Roosevelt suggests that when Americans are seen as "Americans," a clear vision of national affairs emerges. Roosevelt suggests that the lack of a hyphenated American ensures that we are able to judge nations appropriately. For example, France can be judged as France and not as French- Americans. Roosevelt argues that this perspective is essential in understanding the development of World War I:  

I would condemn the American citizen who acted as "English- American" just as strongly as I condemn the American citizen who acts as a "German- American."...If British warcraft had subjugated German passenger vessels and taken the lives of hundreds of men, women, and children, as German submarines did in the case of the Lusitania, the Arabic and other vessels, I would have condemned any "English- American" who excused the act as unhesitatingly as I have condemned and now condemn the "German- Americans" who now defend or apologize for the actions of the German submarines.

Roosevelt sees the hyphenated American as one with divided loyalties.  For example, Roosevelt sees the person who classifies themselves as "German- American" holding loyalties to both nations.  Roosevelt believes that such individuals should only hold loyalty towards America, as living this dual construction amounts to "moral treason."  In a wartime setting, Roosevelt suggests that absolute moral and political loyalty, devoid of the hyphen, is critical.  Roosevelt suggests that this clarity and simplicity in national affiliation is where American success in war and victory lies: "If every mother in our country would make the same offer [sacrificing her children for the American war effort], there would be no need for any mother to send her sons to war." Thinking as "typically American" is Roosevelt's motivating force. He sees it as the necessary ingredient in wartime situations.

Roosevelt mentions specific groups in his analysis.  Most of them come from the European speaking world. Roosevelt speaks toward the Irish, German, Norwegian, Polish, as well as Italian, British, and French constructions of ethnic identity.
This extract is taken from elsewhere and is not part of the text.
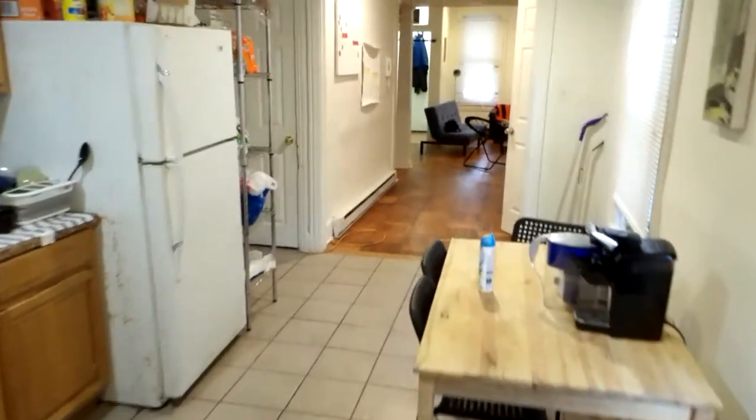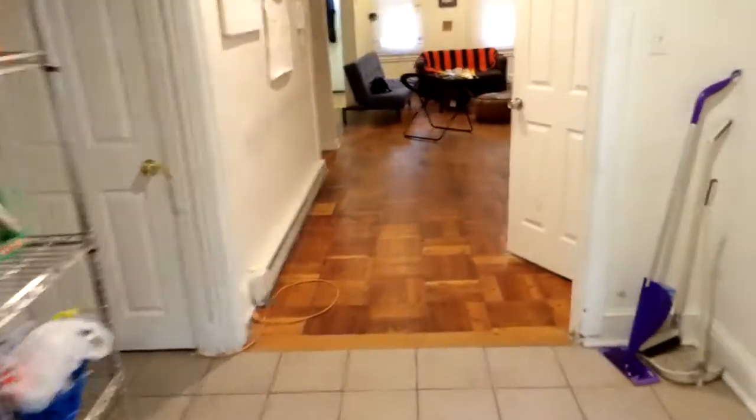Back here to the first bedroom. Back out through the kitchen and turn here to go upstairs.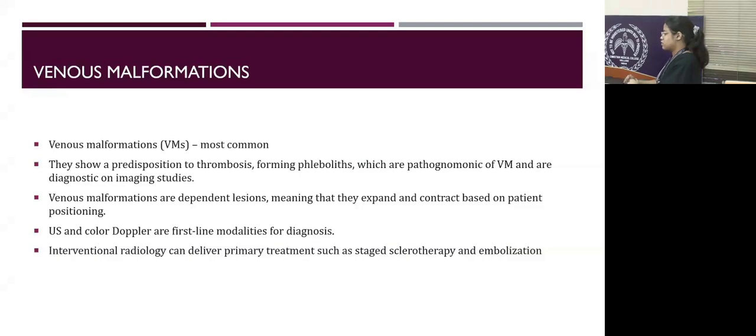Venous malformations are the most common vascular malformations, comprising 75%. There is venous stasis in venous malformation, which leads to thrombosis. They can form fibroliths which can become calcified — this is pathognomonic of vascular malformation. Diagnosis is based on ultrasound or MRI. Venous malformations are dependent lesions whose size varies based on position of the patient, though in long-standing cases, positional changes may not be observed.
Groups from the non- European world are excluded.  Roosevelt also does not acknowledge the condition of African- Americans, a group asked to make the ultimate sacrifice for freedom and democracy when being denied those very rights within their nation.  Yet, the immigrant of the time period would have zealously supported Roosevelt's position.  It is one that speaks to the opportunity ideology that permeated the immigrant's mindset.  The ending call of "America for Americans" speaks to a larger vision that appealed to the immigrant sensibility.  In this umbrella notion of America, the immigrant's hopes and dreams are activated, something that Roosevelt articulated in his speech.